- St. Ursula Academy front of building.

Location
- 4025 Indian Road Toledo, Ohio 43606-2226 United States 41°40′15″N 83°38′28″W﻿ / ﻿41.67083°N 83.64111°W

Information
- Type: Private all-girls college-preparatory school
- Motto: Soli Deo Gloria (For the Glory of God Alone)
- Religious affiliation: Catholic
- Established: 1854; 172 years ago
- Founder: Ursuline Sisters (1854)
- President: Mary (Conlisk) Werner '74
- Principal: Lindsay (Launder) Jordan '02
- Grades: 6-12
- Enrollment: 696 (2025-2026)
- Student to teacher ratio: 12:1 (2025-2026)
- Colors: Royal blue and gold
- Athletics: 13 varsity sports
- Athletics conference: Catholic High School League
- Mascot: Arrows
- Website: toledosua.org

= St. Ursula Academy (Toledo, Ohio) =

St. Ursula Academy, founded in 1854, is Toledo’s oldest, fully accredited, all-girls, Catholic college preparatory school, serving grades 6-12. Located in the heart of Ottawa Hills, the school’s enrollment is 696 students, with a 12:1 student-teacher ratio. SUA offers a full complement of Honors and Advanced Placement courses, evidence-based leader development with The Leadership Program, 13 varsity sports, and full array of fine and performing arts programs.

==History==
In December 1854, four Ursuline nuns arrived in Toledo, Ohio. Several days after their arrival from nearby Cleveland, Ohio, they began to operate classes on Cherry Street in downtown Toledo. These classes were offered roughly 200 students, ranging in grade level. The nuns moved into a property located on Cherry and Erie Streets in 1859. The early curriculum consisted of courses in English, German, French, History, Art, Music, Natural Sciences, Mathematics, Cooking, and Sewing. There were two primary departments in the school: Elementary and Collegiate.
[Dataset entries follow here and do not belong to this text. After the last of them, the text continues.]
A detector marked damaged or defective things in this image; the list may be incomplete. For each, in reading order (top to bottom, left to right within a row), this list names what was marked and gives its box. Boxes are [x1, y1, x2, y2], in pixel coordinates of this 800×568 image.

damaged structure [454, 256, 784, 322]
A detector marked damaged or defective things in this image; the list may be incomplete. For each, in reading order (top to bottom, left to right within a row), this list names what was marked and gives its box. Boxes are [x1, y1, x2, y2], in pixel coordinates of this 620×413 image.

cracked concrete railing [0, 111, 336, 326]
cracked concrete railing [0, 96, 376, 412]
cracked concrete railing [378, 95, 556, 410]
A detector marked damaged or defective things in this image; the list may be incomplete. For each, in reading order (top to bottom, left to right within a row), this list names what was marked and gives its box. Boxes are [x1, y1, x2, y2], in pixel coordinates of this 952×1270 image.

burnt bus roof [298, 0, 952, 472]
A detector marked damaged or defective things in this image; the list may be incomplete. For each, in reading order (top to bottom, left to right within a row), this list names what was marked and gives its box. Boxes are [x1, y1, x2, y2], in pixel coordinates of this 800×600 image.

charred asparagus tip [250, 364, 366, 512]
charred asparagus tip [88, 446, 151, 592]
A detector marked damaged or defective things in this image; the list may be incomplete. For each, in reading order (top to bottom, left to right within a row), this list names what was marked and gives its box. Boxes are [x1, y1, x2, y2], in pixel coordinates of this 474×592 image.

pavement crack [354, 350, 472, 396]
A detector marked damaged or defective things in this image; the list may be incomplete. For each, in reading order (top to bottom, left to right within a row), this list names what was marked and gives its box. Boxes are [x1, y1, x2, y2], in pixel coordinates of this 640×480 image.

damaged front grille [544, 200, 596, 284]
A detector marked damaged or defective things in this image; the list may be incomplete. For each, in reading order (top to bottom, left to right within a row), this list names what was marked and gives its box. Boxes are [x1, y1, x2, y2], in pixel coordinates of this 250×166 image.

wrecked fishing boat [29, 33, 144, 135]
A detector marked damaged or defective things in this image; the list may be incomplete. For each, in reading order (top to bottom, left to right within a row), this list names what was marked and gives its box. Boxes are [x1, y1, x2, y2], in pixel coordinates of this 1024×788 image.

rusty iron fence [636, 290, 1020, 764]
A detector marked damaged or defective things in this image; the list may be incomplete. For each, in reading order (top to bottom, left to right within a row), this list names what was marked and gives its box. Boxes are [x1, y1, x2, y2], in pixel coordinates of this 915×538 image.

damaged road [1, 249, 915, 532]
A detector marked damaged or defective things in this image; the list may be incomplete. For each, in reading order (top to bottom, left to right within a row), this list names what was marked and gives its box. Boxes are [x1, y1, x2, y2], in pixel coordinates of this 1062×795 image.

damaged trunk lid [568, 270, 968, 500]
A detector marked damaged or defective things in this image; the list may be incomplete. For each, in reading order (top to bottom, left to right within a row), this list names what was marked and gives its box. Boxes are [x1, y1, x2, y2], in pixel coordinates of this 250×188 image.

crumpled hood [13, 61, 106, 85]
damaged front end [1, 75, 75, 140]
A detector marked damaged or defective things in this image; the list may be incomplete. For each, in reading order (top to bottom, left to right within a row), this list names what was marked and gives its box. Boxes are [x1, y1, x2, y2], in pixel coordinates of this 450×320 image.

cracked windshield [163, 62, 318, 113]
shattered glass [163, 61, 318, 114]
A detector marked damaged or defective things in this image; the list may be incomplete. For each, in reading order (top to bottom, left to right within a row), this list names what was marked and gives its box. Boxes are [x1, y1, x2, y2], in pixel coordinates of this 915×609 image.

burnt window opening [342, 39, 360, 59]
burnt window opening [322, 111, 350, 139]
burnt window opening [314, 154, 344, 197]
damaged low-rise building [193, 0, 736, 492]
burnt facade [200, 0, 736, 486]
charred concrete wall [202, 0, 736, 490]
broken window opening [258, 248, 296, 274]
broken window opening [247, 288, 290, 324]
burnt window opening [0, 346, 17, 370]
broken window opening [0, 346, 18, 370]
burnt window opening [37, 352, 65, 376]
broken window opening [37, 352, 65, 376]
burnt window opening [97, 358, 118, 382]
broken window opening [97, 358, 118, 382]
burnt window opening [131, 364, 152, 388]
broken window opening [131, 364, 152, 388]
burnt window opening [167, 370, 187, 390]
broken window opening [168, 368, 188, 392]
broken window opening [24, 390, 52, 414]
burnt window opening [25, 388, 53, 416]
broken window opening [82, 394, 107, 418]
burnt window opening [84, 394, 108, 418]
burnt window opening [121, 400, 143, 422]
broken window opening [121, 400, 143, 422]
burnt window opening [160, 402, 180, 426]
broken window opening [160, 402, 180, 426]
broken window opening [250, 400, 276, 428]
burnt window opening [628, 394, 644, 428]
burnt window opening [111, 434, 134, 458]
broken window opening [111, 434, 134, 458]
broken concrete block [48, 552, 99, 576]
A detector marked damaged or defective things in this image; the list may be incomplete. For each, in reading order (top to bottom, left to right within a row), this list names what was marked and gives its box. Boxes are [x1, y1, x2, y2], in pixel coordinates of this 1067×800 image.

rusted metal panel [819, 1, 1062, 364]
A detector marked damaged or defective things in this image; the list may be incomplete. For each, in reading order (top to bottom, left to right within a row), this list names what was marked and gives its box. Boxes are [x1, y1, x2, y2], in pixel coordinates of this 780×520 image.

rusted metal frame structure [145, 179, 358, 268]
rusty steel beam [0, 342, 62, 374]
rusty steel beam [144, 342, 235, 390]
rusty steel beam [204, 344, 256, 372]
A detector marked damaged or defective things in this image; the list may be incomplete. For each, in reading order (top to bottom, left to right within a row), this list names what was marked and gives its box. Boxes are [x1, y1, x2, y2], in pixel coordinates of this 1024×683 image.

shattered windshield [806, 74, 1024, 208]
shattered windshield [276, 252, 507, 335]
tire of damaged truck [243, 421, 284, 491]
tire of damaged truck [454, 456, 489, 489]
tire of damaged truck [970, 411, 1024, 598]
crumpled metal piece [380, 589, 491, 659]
In 1905, the school relocated to Collingwood Boulevard to a recently purchased facility that included a new convent and academy. As the school began to expand and Mary Manse College opened in 1922, the Ursulines decided to move to a new location on Indian Road. The new building opened for the first time for classes in 1959. Renovations in 2000 included the addition of the Mary Ann LaValley Activities Center, which added four new classrooms, athletic offices, a field house, fitness center, and a dance studio. Further renovations in 2018 added a black box theater, a welcome lobby, an updated Dining Commons, and a state-of-the-art science lab.

==Academics==
SUA operates on the collegiate block schedule (also referred to as the 4x4 Collegiate Block). Students take four 80-minute classes in each semester and rotate most classes at the end of the first semester. Exceptions to this format are extended AP courses and nine-week, "term-long" classes. In the middle of the day, students also have a "seminar" period during which they can work on assignments, seek assistance from teachers, and collaborate on group projects.

Core courses provide a student with 23 academic credits for graduation, out of 31.5 units of academic credit required: English (4.5 units), Math (4 units), Social Studies (3 units), Science (3 units), Foreign Language (2 units), Theology (4 units), Computer Application (.5 unit), Health (.5 unit), Fine Art (1 unit), Physical Education (.5 unit), and Personal Finance (.5 credit).

Twenty classes are offered in an honors format, such as English, American Literature, Pre-Calculus, Algebra, Geometry, Chemistry, Biology, Physics, Anatomy & Physiology, World History, French, and Spanish, Vocal Music. Eighteen classes are offered at an AP level as well, including Calculus, Chemistry, English Literature, Human Geography, Psychology, Statistics, US Government, and US History.

SUA also offers many elective courses, including Film, Speech, Science, Literature, Economics, Design, Single Survival Life Skills, The Art of Musical Theater, Dance, Psychology, Women's Health, and others.

== The Leadership Program ==
Building on SUA’s history and foundation of developing young women as leaders, in Spring 2021, President Mary Werner and former principal Nichole Flores, who died in 2024, announced SUA’s selection as the first school in the nation to provide a four-year, applied neuroscience and evidence-based leadership curriculum for high school girls taught during the academic school day. Advised by some of the thought leaders in coaching and leader development, The Leadership Program has received international recognition as a “leadership and management idea with the potential to change the world.” (Thinkers50 Radar List 2022).

The SUA Leadership Program is a nine-week, required course for every high school student. The curriculum is delivered within a best-practice leadership development framework that engages both faculty, as certified in-school Leadership Coaches, and students, as learners and peer leaders.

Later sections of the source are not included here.